L’adeguamento sismico di strutture sanitarie: una priorità nazionale

L’Italia è costituita per il 44% circa da territori a rischio sismico e questo rende prioritaria la necessità di adattare ospedali e RSA, investendo in piani come il PNRR, che puntino alla salvaguardia di questi edifici, particolarmente importanti per la salute pubblica. La maggior parte di queste strutture, che sono state costruite prima del 1980, non risponde agli attuali standard di sicurezza sismica, e risultano quindi particolarmente vulnerabili, con il rischio che i servizi di cura vengano interrotti in caso di terremoto. Per questo motivo risulta fondamentale adeguare alle emergenze sismiche le strutture sanitarie, in quanto luoghi dove si concentra un alto numero di persone.

Le difficoltà nell’adeguamento sismico di ospedali e RSA

Ospedali e RSA sono delle infrastrutture che presentano diverse criticità: la grande quantità di persone che ospitano, spesso fragili e con capacità di evacuazione limitata, la vulnerabilità strutturale e la necessità di non interrompere le cure mediche per i pazienti. Tutto questo comporta una maggiore attenzione nella scelta di un piano idoneo per l’adeguamento sismico. La necessità di continuare ad operare richiede delle modalità di intervento che siano poco invasive, rapide ed efficaci, così da mettere in sicurezza queste strutture, particolarmente essenziali per la collettività. Investire nella messa in sicurezza sismica delle strutture sanitarie significa non solo salvaguardare vite umane, ma anche assicurare la continuità dei servizi medici e ridurre drasticamente l’impatto economico dei terremoti. 

Le soluzioni di ISAAC antisismica 

ISAAC offre una risposta innovativa e all’avanguardia di protezione sismica, attraverso il sistema Active Mass Damper. Questa tecnologia avanzata può essere installata in ospedali e RSA senza modificare la struttura degli edifici. Può infatti essere installata sul tetto o nel sottotetto, in maniera non invasiva, permettendo alle strutture mediche di continuare ad offrire i propri servizi anche durante l’intervento. I sistemi di ISAAC vengono progettati su misura e garantiscono la protezione istantanea, riuscendo a contrastare le scosse dei sismi.

La tecnologia Active Mass Damper è stata già applicata in strutture ospedaliere italiane. Questi interventi dimostrano come la tecnologia ISAAC rappresenti una soluzione ad alte prestazioni, in grado di garantire sicurezza, affidabilità e rispetto della funzionalità operativa degli edifici sanitari.
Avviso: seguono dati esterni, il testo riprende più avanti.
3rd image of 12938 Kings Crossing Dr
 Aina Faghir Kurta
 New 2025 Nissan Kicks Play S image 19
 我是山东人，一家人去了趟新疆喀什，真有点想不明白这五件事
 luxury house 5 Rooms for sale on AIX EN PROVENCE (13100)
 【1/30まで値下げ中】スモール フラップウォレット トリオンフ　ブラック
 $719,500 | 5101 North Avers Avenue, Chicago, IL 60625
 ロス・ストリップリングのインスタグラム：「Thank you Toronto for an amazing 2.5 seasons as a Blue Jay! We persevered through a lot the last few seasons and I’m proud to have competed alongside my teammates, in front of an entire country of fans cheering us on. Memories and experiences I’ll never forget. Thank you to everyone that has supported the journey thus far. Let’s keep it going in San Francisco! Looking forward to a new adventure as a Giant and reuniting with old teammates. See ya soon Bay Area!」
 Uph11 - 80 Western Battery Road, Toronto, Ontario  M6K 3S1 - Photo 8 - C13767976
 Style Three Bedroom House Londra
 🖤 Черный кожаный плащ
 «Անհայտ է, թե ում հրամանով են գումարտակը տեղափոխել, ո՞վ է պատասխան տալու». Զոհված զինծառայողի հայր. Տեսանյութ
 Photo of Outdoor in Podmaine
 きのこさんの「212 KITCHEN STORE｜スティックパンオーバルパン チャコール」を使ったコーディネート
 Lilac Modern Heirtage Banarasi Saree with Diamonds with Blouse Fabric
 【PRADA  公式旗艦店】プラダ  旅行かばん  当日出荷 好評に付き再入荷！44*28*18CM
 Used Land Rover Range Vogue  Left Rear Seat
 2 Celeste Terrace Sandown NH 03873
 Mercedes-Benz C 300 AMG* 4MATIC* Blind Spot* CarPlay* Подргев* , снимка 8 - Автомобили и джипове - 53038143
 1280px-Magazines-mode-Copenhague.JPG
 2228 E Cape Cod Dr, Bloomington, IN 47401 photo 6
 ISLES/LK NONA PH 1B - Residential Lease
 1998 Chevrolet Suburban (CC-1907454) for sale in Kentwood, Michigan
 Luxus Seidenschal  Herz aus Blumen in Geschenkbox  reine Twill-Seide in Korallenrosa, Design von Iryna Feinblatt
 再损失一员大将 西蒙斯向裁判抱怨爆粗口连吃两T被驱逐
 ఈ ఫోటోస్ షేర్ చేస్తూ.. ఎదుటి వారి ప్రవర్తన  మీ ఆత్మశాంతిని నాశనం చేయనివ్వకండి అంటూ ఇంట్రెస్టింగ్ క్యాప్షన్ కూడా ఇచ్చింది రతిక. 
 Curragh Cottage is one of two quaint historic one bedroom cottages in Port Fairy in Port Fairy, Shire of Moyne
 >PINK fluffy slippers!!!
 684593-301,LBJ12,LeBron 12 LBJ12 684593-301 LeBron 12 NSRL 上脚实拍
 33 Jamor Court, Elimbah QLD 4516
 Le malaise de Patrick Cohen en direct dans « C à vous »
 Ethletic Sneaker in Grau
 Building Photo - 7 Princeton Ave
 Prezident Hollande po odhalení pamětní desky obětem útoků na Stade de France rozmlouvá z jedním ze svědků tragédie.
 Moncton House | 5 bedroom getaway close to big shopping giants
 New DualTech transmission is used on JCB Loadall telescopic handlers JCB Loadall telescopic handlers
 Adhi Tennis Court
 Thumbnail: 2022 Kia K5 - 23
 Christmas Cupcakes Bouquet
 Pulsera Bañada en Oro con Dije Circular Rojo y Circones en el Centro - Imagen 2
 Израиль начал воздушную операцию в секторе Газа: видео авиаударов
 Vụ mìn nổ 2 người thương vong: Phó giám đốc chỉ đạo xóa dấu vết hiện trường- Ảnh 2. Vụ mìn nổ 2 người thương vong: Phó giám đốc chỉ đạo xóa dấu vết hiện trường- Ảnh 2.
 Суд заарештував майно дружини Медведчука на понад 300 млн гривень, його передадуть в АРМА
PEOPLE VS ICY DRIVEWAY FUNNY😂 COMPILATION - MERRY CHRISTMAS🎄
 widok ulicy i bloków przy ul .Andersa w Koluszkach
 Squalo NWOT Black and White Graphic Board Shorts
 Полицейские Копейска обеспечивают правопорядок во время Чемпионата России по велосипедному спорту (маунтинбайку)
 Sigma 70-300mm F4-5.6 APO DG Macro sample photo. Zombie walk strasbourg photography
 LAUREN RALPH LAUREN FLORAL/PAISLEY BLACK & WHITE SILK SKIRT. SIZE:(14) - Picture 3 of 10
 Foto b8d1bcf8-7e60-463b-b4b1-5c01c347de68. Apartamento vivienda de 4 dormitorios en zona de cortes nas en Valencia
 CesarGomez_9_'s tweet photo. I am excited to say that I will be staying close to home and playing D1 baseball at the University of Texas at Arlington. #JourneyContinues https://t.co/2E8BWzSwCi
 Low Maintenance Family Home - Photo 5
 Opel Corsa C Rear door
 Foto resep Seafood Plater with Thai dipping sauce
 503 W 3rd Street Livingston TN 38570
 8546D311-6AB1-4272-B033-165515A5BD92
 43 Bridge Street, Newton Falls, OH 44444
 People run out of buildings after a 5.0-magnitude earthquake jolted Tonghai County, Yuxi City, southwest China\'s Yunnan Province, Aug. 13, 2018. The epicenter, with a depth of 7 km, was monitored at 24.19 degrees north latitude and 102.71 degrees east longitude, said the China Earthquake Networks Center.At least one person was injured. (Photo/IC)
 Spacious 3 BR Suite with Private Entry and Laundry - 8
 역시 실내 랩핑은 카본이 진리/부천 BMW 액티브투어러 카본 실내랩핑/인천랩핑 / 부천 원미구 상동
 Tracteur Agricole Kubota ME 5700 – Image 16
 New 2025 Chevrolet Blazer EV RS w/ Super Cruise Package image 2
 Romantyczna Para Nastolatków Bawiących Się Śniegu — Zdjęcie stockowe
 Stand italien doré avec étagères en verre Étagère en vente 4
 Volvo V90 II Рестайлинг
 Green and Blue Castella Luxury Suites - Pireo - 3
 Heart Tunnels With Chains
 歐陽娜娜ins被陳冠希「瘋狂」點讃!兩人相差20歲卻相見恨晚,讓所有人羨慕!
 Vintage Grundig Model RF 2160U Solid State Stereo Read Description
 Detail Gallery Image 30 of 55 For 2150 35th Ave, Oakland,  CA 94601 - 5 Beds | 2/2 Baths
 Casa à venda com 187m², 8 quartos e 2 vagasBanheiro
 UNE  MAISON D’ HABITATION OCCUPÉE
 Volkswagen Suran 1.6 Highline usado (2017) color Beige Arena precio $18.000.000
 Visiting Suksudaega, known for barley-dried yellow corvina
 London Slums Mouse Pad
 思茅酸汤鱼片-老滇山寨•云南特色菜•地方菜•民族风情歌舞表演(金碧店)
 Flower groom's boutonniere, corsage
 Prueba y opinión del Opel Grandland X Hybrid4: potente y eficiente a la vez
Adeguamento sismico nelle strutture sanitarie:  F.A.Q.

Perché è importante la sicurezza sismica negli ospedali e nelle RSA?

La sicurezza sismica è essenziale per assicurarsi che ospedali e RSA restino attivi durante un terremoto, continuando a prendersi cura delle persone vulnerabili senza interrompere i servizi medici, che potrebbero essere vitali. 

Cos’è l’Active Mass Damper e come funziona?

L’Active Mass Damper è un sistema attivo per la protezione sismica. Utilizza dei meccanismi che si attivano automaticamente quando rilevano dei movimenti degli edifici, oltre una soglia prefissata, e modula la propria intensità in base alla forza dell’oscillazione registrata.  Per contrastare le scosse dei terremoti fa uso di masse mobili che si spostano per contrastare i movimenti della struttura, limitando i danni.

Come si potrebbe proteggere un ospedale o una RSA dal rischio sismico?

Una soluzione efficace è installare tecnologie innovative che rispondano alle necessità strutturali degli edifici e che si adattino alle loro caratteristiche. L’Active Mass Damper di ISAAC protegge l’edificio senza modificarne la struttura o fermare le attività sanitarie. 

Bisogna evacuare l’edificio durante l’installazione dei sistemi antisismici?

No, l’installazione non richiede l’evacuazione dell’edificio, in quanto viene effettuata in copertura, senza impattare sulle persone all’interno o sulla struttura. Strutture ospedaliere e RSA possono continuare a offrire i propri servizi senza interruzioni. 

Come si può capire il grado di vulnerabilità di una struttura sanitaria?

Per sapere se una struttura sanitaria è a rischio sismico, e possibilmente vulnerabile, bisogna considerare la zona in cui si trova l’edificio e verificare se è aggiornata agli attuali standard di sicurezza.